An opinion piece published on Hacker News argues that human value should be asserted as an intrinsic fact rather than justified by the current capability gap with artificial intelligence. The commentary, titled "You can just say it" and hosted on the domain noperator.dev, critiques the tendency to defend human labour by pointing to creative superiority or consistency, describing such reasoning as a "moving goalpost" that shifts as AI technology evolves.
The author notes that while a capability gap existed between humans and models like 2023-era ChatGPT, it has narrowed and may continue to do so. Relying on human output being "better" or more consistent is deemed a fragile strategy for establishing worth. Instead, the piece suggests that the statement "humans are valuable" requires no qualification and should not be conditional on a point-in-time snapshot of a frontier model’s performance on benchmarks.

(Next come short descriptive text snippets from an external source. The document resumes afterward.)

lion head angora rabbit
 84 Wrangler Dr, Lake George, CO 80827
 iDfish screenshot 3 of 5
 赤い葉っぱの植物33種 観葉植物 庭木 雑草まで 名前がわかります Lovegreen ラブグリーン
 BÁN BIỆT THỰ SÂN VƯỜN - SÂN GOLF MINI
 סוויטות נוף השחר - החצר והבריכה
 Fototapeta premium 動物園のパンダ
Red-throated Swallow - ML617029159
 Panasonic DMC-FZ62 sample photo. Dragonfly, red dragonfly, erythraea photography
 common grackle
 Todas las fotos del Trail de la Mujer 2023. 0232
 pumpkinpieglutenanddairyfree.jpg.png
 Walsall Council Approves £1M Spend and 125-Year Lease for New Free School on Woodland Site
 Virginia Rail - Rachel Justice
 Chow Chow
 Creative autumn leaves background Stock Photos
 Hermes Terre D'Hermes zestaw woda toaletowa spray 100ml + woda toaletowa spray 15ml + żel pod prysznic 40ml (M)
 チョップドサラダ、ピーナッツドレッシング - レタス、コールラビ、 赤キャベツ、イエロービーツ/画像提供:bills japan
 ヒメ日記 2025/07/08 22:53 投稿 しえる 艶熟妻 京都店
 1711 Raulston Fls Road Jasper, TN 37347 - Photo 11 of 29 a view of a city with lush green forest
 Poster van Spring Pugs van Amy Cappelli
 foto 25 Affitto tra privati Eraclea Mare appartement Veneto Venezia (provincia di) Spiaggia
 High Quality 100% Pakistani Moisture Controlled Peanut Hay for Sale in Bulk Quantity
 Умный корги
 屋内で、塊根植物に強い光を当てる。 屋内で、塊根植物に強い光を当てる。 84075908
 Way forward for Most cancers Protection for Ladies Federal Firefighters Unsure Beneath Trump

The article distinguishes human creation from AI generation by focusing on the concept of intent. It posits that human work is the "distillation of intent into form," where creators iteratively shape their output until it matches their mental model. In contrast, generative AI can produce substantial form with minimal or indiscernible intent, a phenomenon the author terms "AI slop." This suggests that low-barrier creation allows for the production of form without the rigorous embedding of purpose that characterises traditional human craftsmanship.
The commentary also touches on the ethics of using large language models to mediate human communication, citing a conversation with a friend named Tom Hudson. Hudson argued that if an LLM is used to draft an email, the sender should simply provide the prompt, as the resulting form may obscure the sender’s actual intent. The piece suggests that the pathology of generative AI lies in its ability to easily separate form from intent, a mistake that is harder to make when creating by hand.
Drawing on theological references, including Genesis 1:27 and the papal encyclical *Magnifica Humanitas*, the author concludes that human dignity is independent of ability or output quality. The text argues that human worth does not depend on the quality of creative artifacts or the ability to perform specific tasks, challenging the economic and philosophical frameworks that tie human value to productivity in an automated economy.